### Activity
Would you restate each line of the data below word for word, without its pictures?

### Dataset section
::::::::

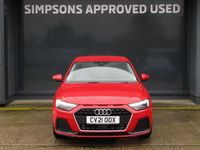 Used Audi A1 Sportback Sport 110 HP (80 kW) 2021 Red Hatchback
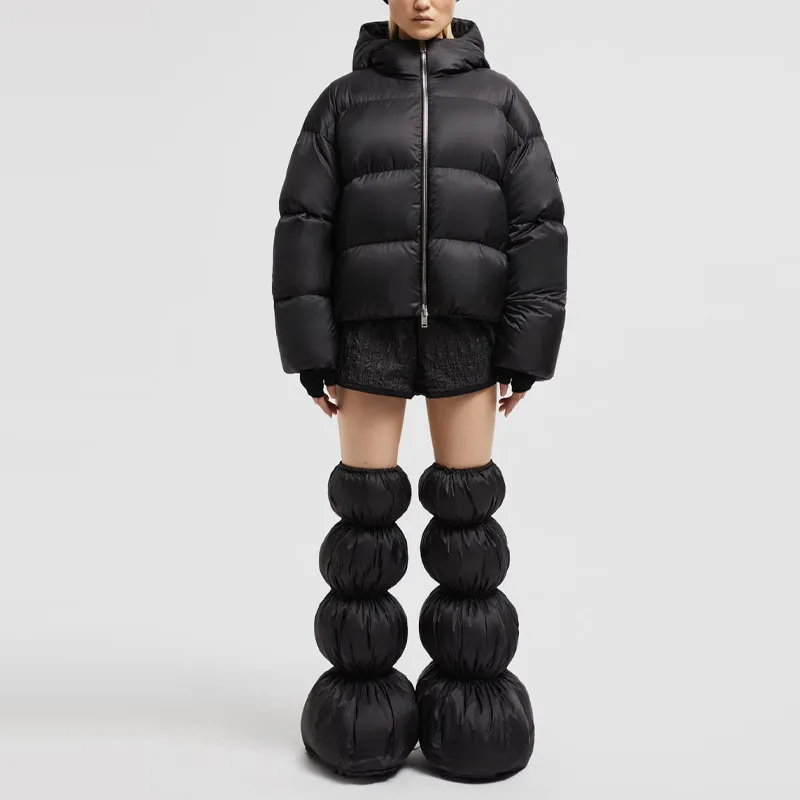 MONCLER GENIUS Moncler X Willow Smith Skaara Hooded Short Down Jacket-3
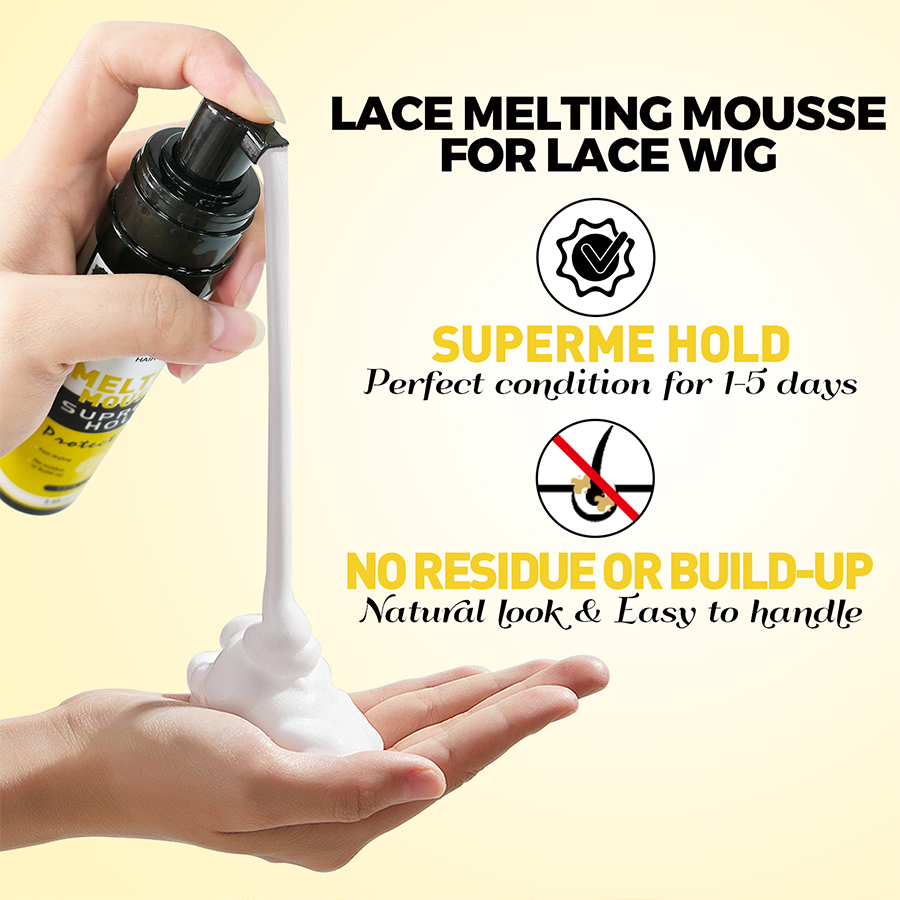 100ml Women Wig Melting Mousse - Wax Melts ulasan dan harga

::::::::

### Response
 Used Audi A1 Sportback Sport 110 HP (80 kW) 2021 Red Hatchback
 MONCLER GENIUS Moncler X Willow Smith Skaara Hooded Short Down Jacket-3
 100ml Women Wig Melting Mousse - Wax Melts ulasan dan harga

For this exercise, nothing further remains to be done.